Stored data entries
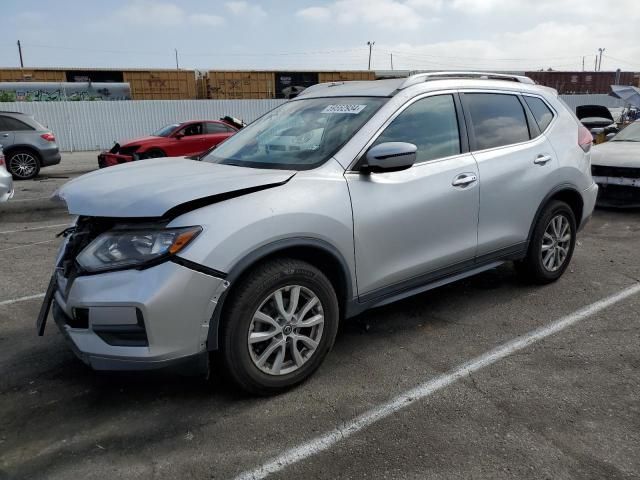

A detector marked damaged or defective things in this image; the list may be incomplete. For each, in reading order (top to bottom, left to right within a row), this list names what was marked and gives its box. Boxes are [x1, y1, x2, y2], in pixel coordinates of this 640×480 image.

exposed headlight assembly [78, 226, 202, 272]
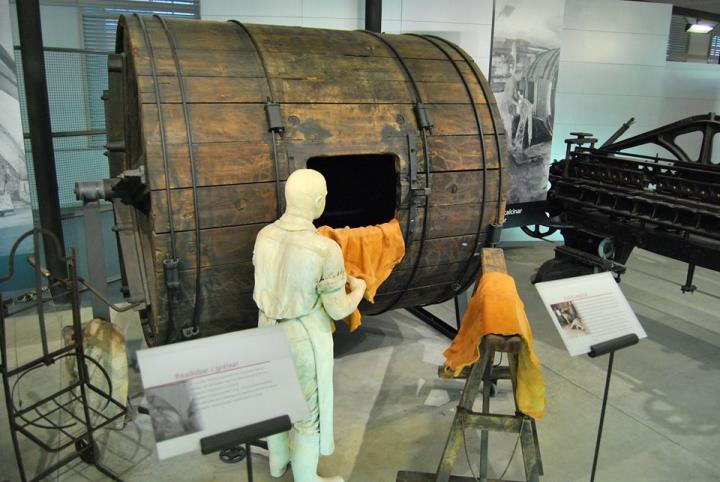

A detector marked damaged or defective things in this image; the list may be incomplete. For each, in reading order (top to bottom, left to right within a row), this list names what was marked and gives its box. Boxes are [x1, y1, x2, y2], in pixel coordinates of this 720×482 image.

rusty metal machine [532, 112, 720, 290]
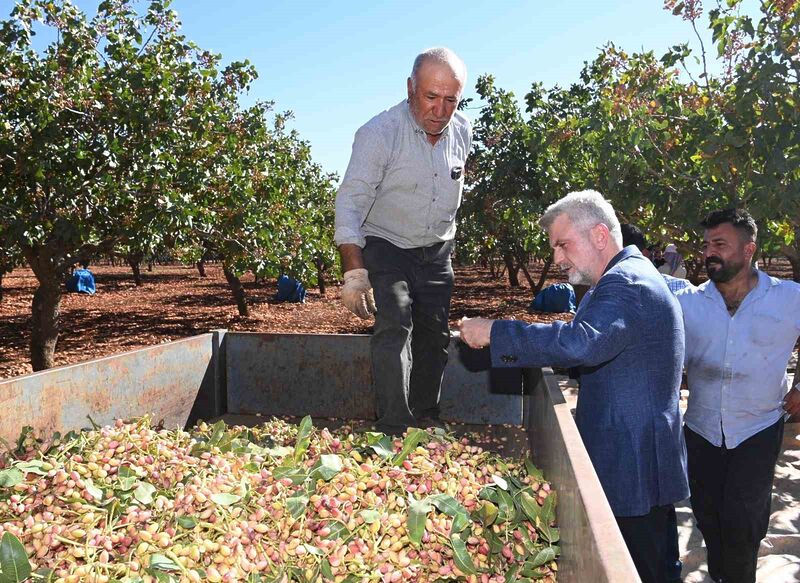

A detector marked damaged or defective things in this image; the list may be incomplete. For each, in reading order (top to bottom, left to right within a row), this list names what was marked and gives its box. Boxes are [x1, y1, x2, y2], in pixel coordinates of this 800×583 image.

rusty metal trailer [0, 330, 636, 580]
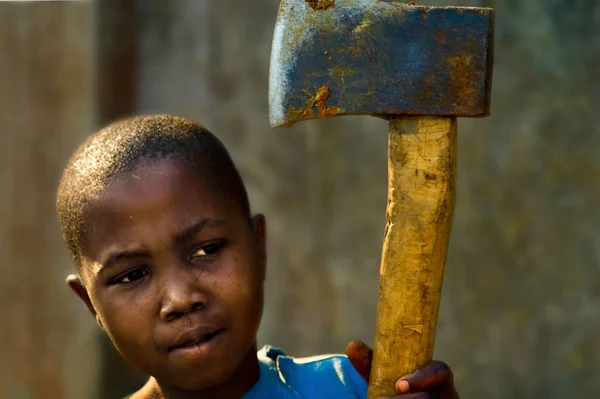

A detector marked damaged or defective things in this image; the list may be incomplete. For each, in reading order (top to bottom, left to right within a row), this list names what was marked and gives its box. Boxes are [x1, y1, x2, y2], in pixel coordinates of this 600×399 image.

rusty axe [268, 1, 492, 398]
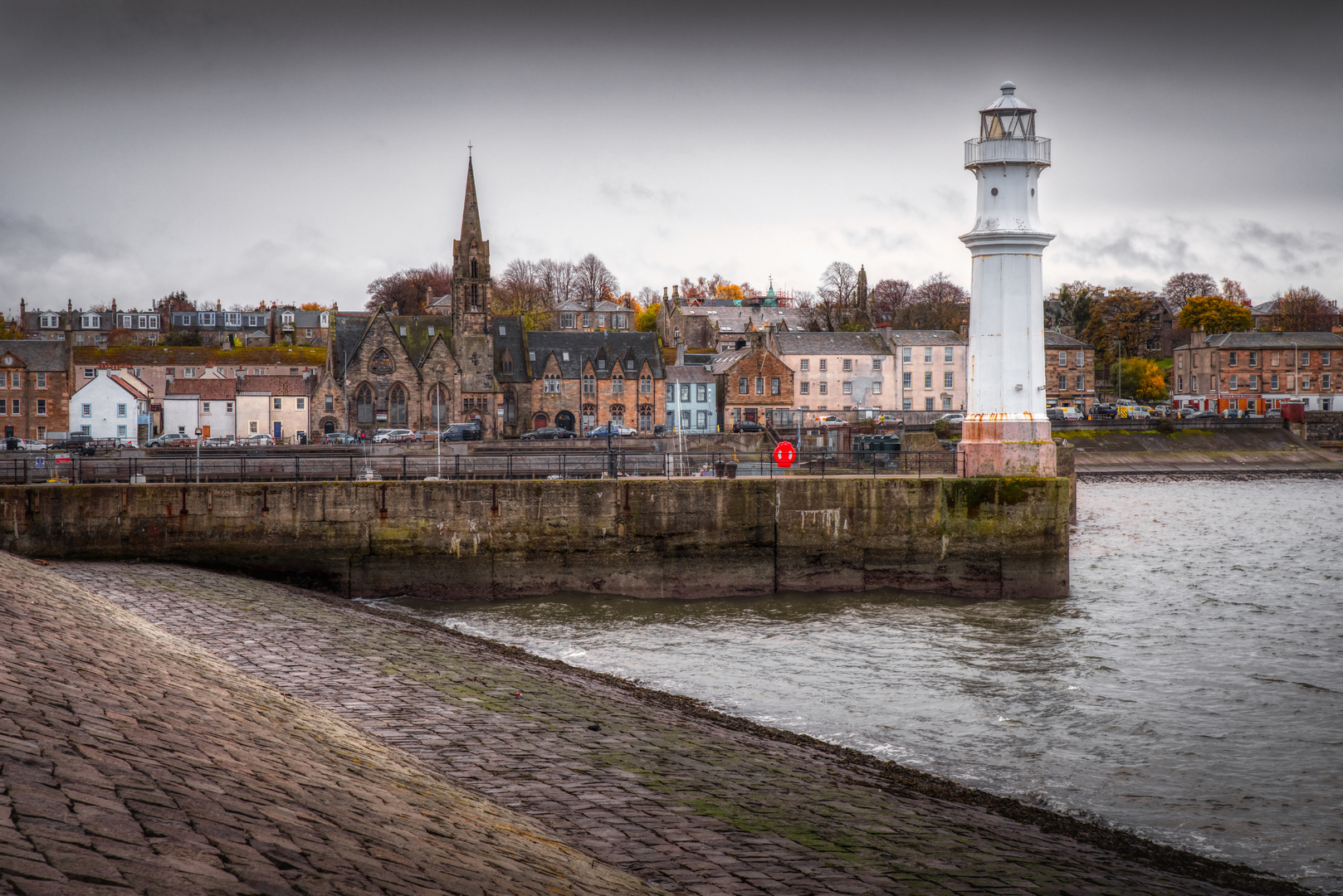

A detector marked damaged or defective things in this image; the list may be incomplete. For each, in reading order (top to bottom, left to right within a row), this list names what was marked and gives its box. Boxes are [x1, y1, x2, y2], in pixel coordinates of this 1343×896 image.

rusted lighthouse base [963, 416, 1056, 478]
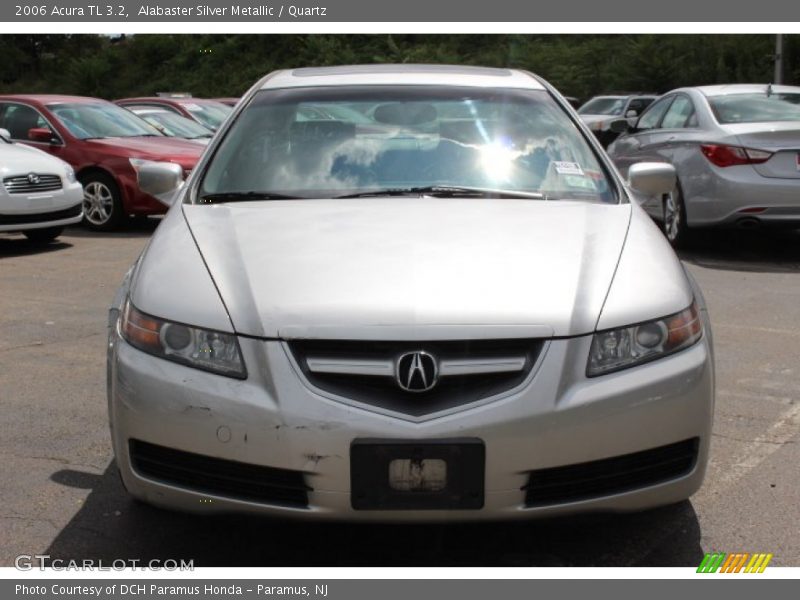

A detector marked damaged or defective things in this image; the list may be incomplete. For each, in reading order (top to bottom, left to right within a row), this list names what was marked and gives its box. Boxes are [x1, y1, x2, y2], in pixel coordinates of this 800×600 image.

TASK OBJECTIVE:
Starting at the line that holds "this 720×482 image.", retype every line through the end of the data, both ends included. Pictures stay out of the copy.

EXERCISE SOLUTION:
A detector marked damaged or defective things in this image; the list may be incomplete. For each, in reading order (top to bottom, left to right within a row), this list names what was marked and gives its box. Boxes are [x1, y1, x2, y2], in pixel coordinates of this 720×482 image.

rusty metal machine [532, 112, 720, 290]

A detector marked damaged or defective things in this image; the list may be incomplete. For each, in reading order (top to bottom, left to right within a row), this list names what was marked and gives its box. Boxes are [x1, y1, x2, y2], in pixel coordinates of this 800×583 image.

rusty metal trailer [0, 330, 636, 580]

A detector marked damaged or defective things in this image; the list may be incomplete. For each, in reading order (top to bottom, left to right within a row), this list names what was marked and gives its box. Boxes are [x1, y1, x2, y2], in pixel coordinates of this 600×399 image.

rusty axe [268, 1, 492, 398]

A detector marked damaged or defective things in this image; the list may be incomplete. For each, in reading order (top to bottom, left to right within a row), this list names what was marked and gives its box. Boxes are [x1, y1, x2, y2], in pixel coordinates of this 1343×896 image.

rusted lighthouse base [963, 416, 1056, 478]

A detector marked damaged or defective things in this image; the list may be incomplete. For each, in reading order (top to bottom, left to right within a row), this list names what was marked and gives its box. Boxes are [x1, y1, x2, y2], in pixel coordinates of this 800×600 image.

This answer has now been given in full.